My mind is whirling with “what does one do with the results of a trip like this?”  We brought home some “stuff” that will turn into gifts for Christmas and decorations in our home, but what glorifies God?  In my journaling this morning I was asking God to show me what He wants.  He was quick to remind me that He only wants obedience to His Spirit’s leading in my life.  We did learn in a stark way what Christianity looks like in China.  It is in the top four religions of the country but only 4% of the population is Christian.  That is a population of 1.5 billion.  I was told that most of the Chinese people don’t claim a religion.  This is what Communism has done.  One of the guides told us that when students graduate from their universities they have much passion.  However, when they experience life for a couple years first-hand in the working world of China, their passion is gone.  They have no voice in their life whatsoever.  That voice is killed by the ruling government.  We were told that imagination is not a word for them.  There is no hope or dreams that they have for themselves.  God is telling me they need to know He is their HOPE and their DREAMS but this message wasn’t too much a part of this trip.  My first morning in Beijing I was in the hotel lobby reading my Bible waiting for our group and our tour guide.  A young lady was sitting a couple chairs from me.  She scooted close and asked if I were a christian?  I told her I am and she said she is too.  She is a university student she said.  She told me the Christians meet in home churches mostly.  Her English was limited so we couldn’t get too far into this topic.  I was excited to meet someone my first day but this was the only day this happened.  I later learned that I had met one of the 4% in the country’s population.

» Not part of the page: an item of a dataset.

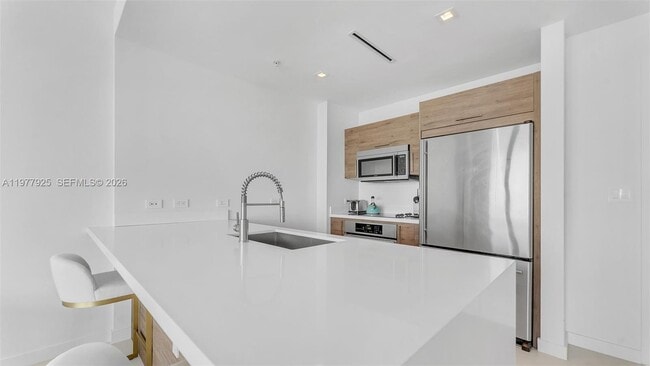 Building Photo - 3301 NE 1st Ave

There is so much I could talk about in this writing and I will in the days to follow.  For now my day’s journey takes me back into the nuts and bolts of daily living right here at home.  I’m going to a school dist. this morning where I will be doing some part-time work for the next couple months.  I’ve got some connections to make with some of the Celebrate Recovery folks and Aslan Christian Academy has a major meeting tomorrow with a potential location.  These things are real and I will reconnect with them through the coming days.

Somehow I’d like to know how Kathy and I can take a trip like this and use the time more intentionally for God’s Kingdom work as well as fulfilling lifelong dreams for both of us in seeing this magnificent world our God has created.  I wait to see how these two dreams can come together with greater purpose.  Right now, I’m glad to be home and getting grounded again right here.